You would have to buy or make a bias tee that works on that bandwidth. I
made one using stripline on a piece of G-10 pc board material. It was
designed for 1296 MHz. I don't know how well it will cover that bandwidth.
I only used it at 1296 MHz.
Zack W9SZ
On Thu, Jan 2, 2025 at 7:11?AM George via groups.io <forums=
[email protected]> wrote:
I am building a high accuracy RTK locating system to measure my property
lines and the location of buildings on the property. To achieve centimeter
accuracy, it uses signals from multiple locating satellite constellations
on a range of frequencies between 1164 MHz and 1610 MHz including those
used for American GPS. I have several GPS antennas, including a couple from
high end Trimble survey systems but am unsure if their frequency response
extends far enough beyond GPS frequencies and how flat the response is.

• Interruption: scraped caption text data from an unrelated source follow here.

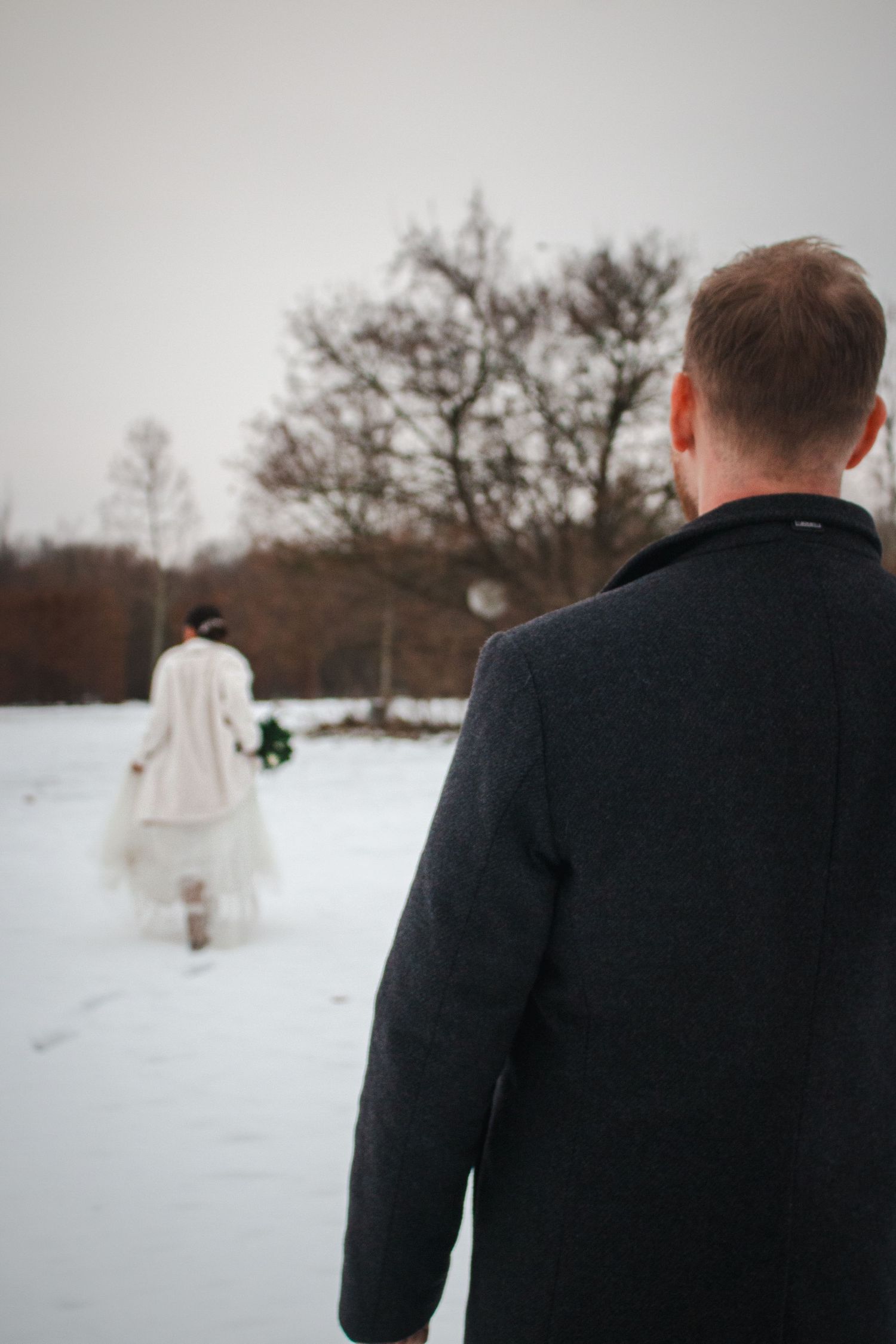 A winter wedding scene with figures walking through fresh snow surrounded by bare trees.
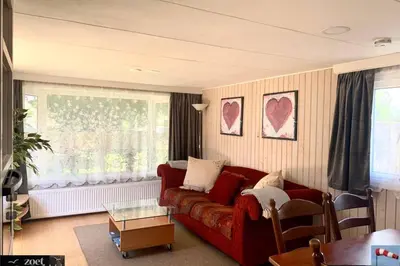 a living room with a red couch and a table at Holiday-Chalet Westenwind 4p. Amsterdam & Beach in Opmeer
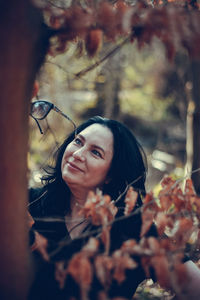 Portrait of young woman with leaves during autumn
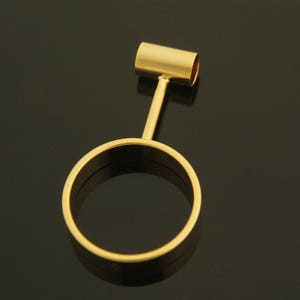 May include: A gold-colored metal ring with a vertical bar attached to the top. The ring is round and has a smooth surface.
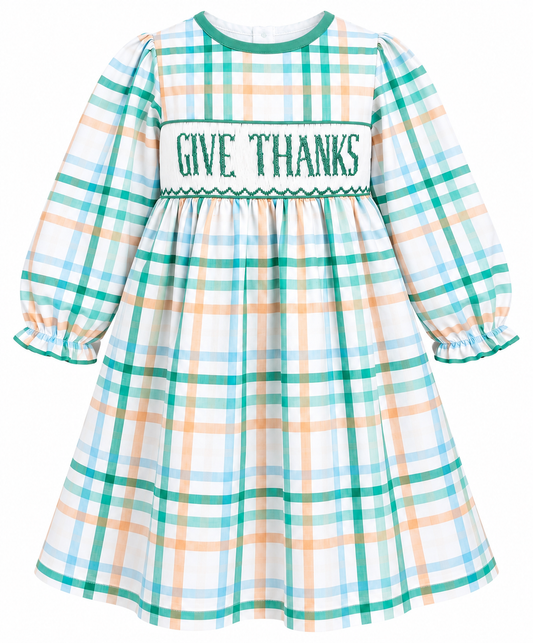 A long-sleeve plaid dress with a white smocked chest panel that reads 'GIVE THANKS' in green lettering. The dress features a white base with green, light blue, and peach plaid lines, and a green collar.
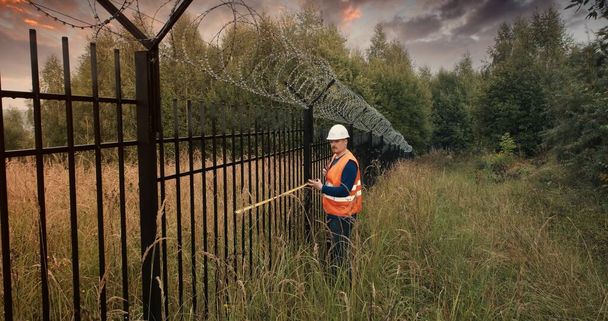 Trabajador con cinta métrica medir una valla con alambre de púas - Foto, imagen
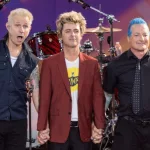 Mike Dirnt^ Billie Joe Armstrong^ Tre Cool pose on stage during ABC Good Morning America rock group Green Day concert in Central Park in New York on July 26^ 2024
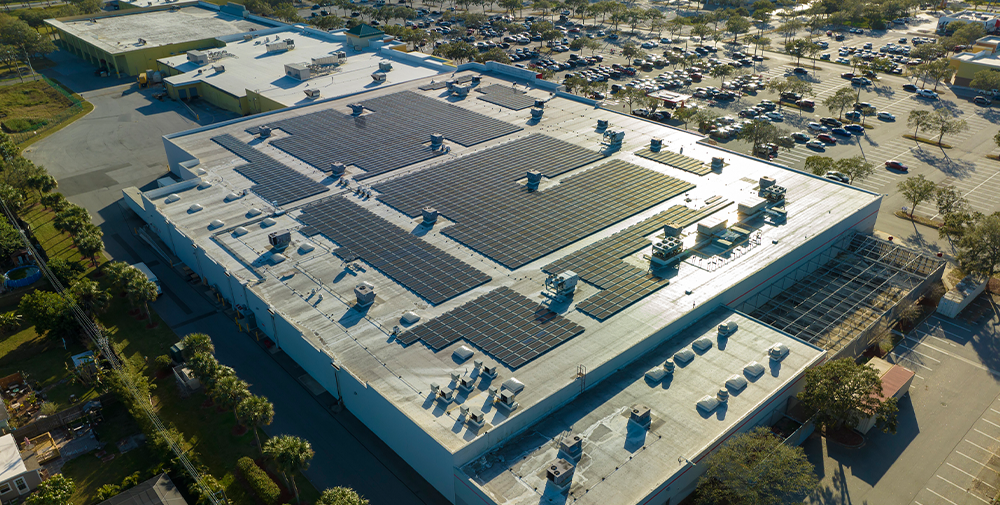 Aerial photo of solar panels on top of a warehouse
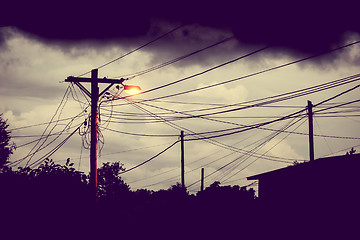 Image showing Street light at night with a stormy sky background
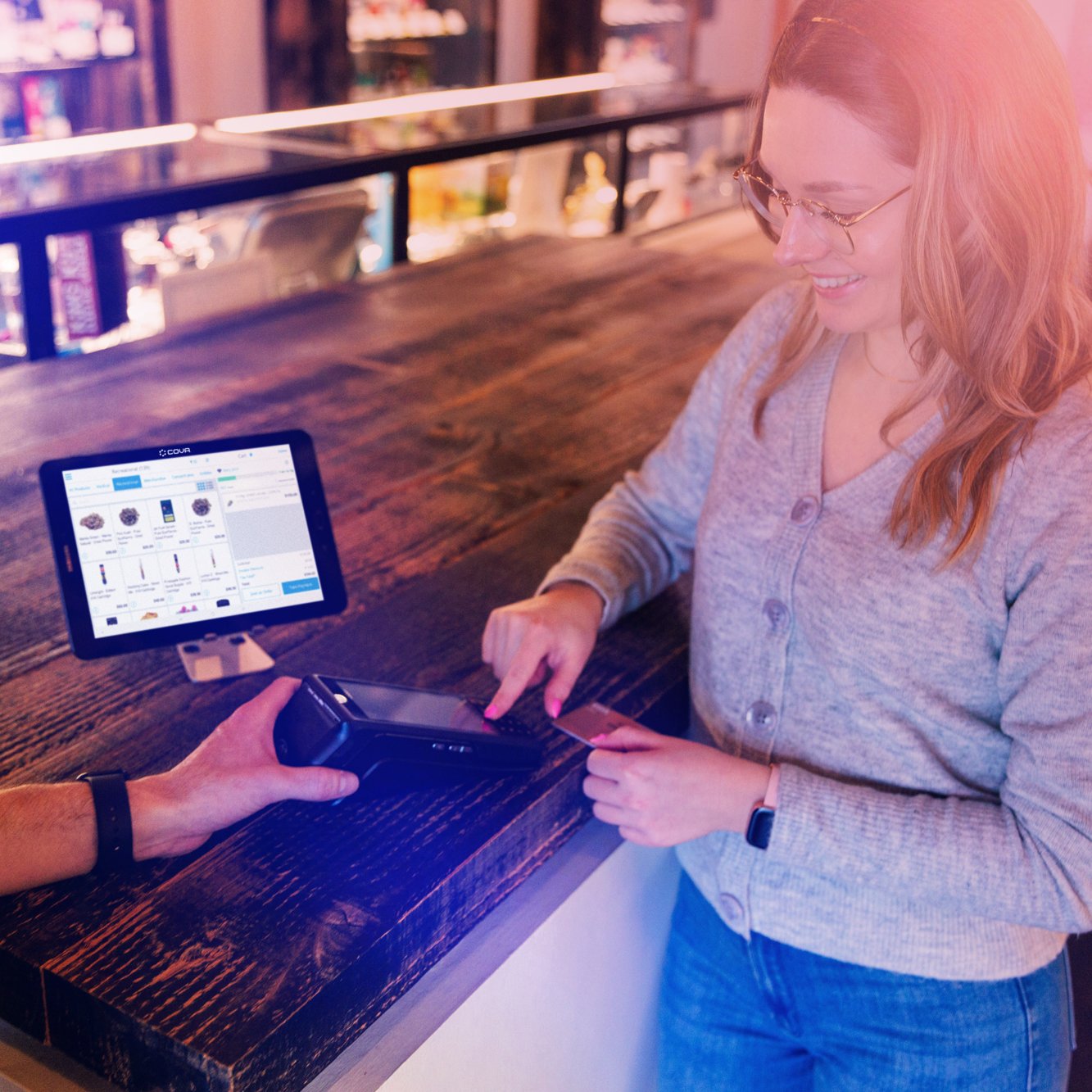Woman using laptop to represent audio logos across digital platforms.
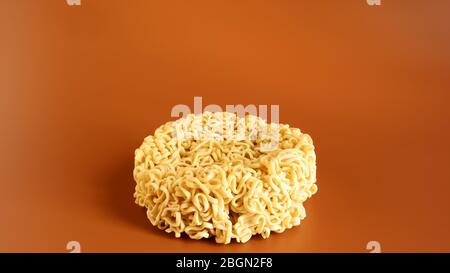 Pasta coreana istantanea a forma di cerchio su sfondo marrone. Vermicelli crudi, essiccati giallastro-bianchi, con lunghe linee rotonde e ritorti in dif Foto Stock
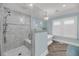 Modern bathroom with white marble shower, soaking tub, and elegant herringbone wood flooring at 3128 Palmetto Blvd, Edisto Island, SC 29438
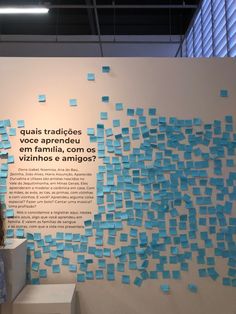 a woman standing in front of a wall covered with blue and white post it notes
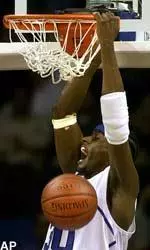 Earl Barron dunks the ball during first-half action against UAB.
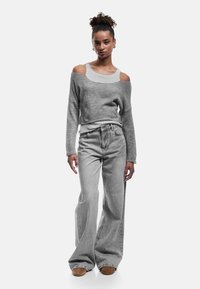 Grauer Pullover mit schulterfreiem Design, kombiniert mit hochgeschnittenen grauen Jeans. Weiche Textur, weit geschnitten und lässige Ästhetik.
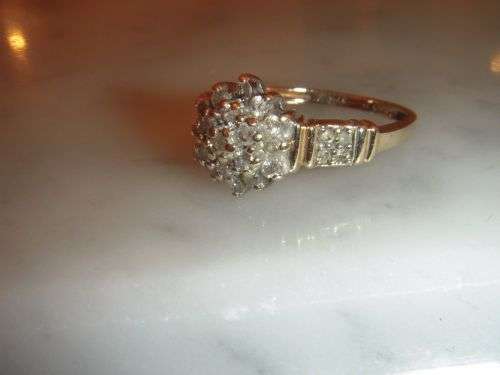A fine 9ct Vintage 0.50 Carat Diamond cluster ring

These antennas have built-in LNA's that utilize 3VDC supplied by receivers
via the coax. The antennas and the LNA's need to be tested to ensure the
system meets the bandwidth requirements. Some of them can be broken down to
access the antenna & LNA separately but I'm unsure how to inject the
necessary LNA DC power without impacting the nanoVNA measurements.
Does anyone have recommendations for testing antennas with built-in LNA's?